Утверждение «Не речи ж!» как будто бы отрицает вероятность того, что кусту нужно до-воплощение, выражение своего бытия, своего смысла в слове, в стихе поэта. Взаимосвязь между кустом и предназначением поэта на первый взгляд не просматривается в тексте. Однако она есть, причем вопреки явному содержанию стихотворения «косноязычный» поэт соотнесен с пророком – служителем Господа. Эпитет «разверстая» в выражении «разверстая душа» – это аллюзия на стихотворение А.С. Пушкина «Пророк», в котором о серафиме, изменяющем тело призванного к служению, сказано:
И он мне грудь рассек мечом,И сердце трепетное вынул,И угль, пылающий огнем,Во грудь отверстую водвинул (III–I; 30).Но у Пушкина «поэтическая тема страдания зиждется на точных, конкретно-чувственных зрительных деталях. <…> Трепетное сердце – трепещущее, еще живое; отверстая грудь – разрубленная мечом…» [831] . Правда, поэт «все время сохраняет дистанцию между словесным описанием и зрительным представлением, не допуская, чтобы картина сделалась прямо изобразительной.

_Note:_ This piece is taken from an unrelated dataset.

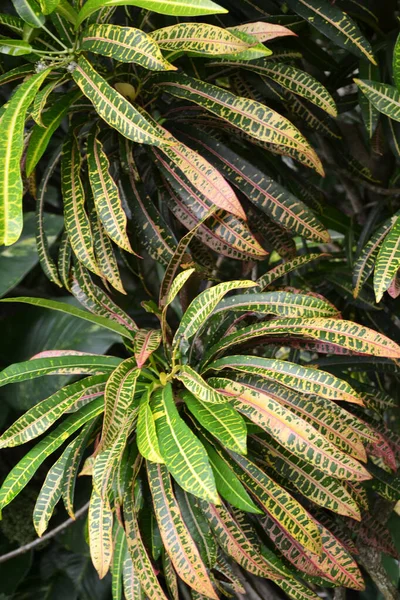 Tanaman Daun Daun Tekstur Latar Belakang Close — Stok Foto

И здесь он пользуется <…> абстрактностью и многозначностью “высокого” старославянского слова <…>» [832] . Однако для Цветаевой даже эта полуметафорическая предметность неприемлема. У Пушкина посредством изменения тела герой «перерожден в прямом смысле этого слова – перерожден в Пророка» [833] . У Цветаевой обретение полноты бытия лирической героини представлено только как изменение души, которая вместе с тем как бы наделена признаком телесности: она, а не плоть, не грудь – «разверстая». Это глубоко не случайно. Цветаевская лирическая героиня – это прежде всего манифестация души, телесное в ней второстепенно, однако «преобладающий тип Л<ирической> Г<ероини> – не чистый дух, а душа, заключенная в земную оболочку: тело. Отсюда явная физичность цветаевской души (“физика души”, по выражению Цветаевой) и духа. Ср. “руки души”, “глаза души”, “уши души”, “голова в пять чувств” <…>. Ибо мир Цветаевой не земля – или небо, – а земля, преображенная небом, и небо, сошедшее на землю. <…> Таким образом, физичность души и одушевленность-одухотворенность “физики” – характерная особенность Л<ирической> Г<ероини> Цветаевой» [834] .
831
Вацуро В.Э. Записки комментатора. СПб., 1994. С. 14.
832
Там же. С. 14.
833
Там же. С. 15.
834
Ельницкая С. Поэтический мир Цветаевой: Конфликт лирического героя и действительности. Wien, 1990 (Wiener Slawistischer Almanach. Sonderband 30). С. 93–94.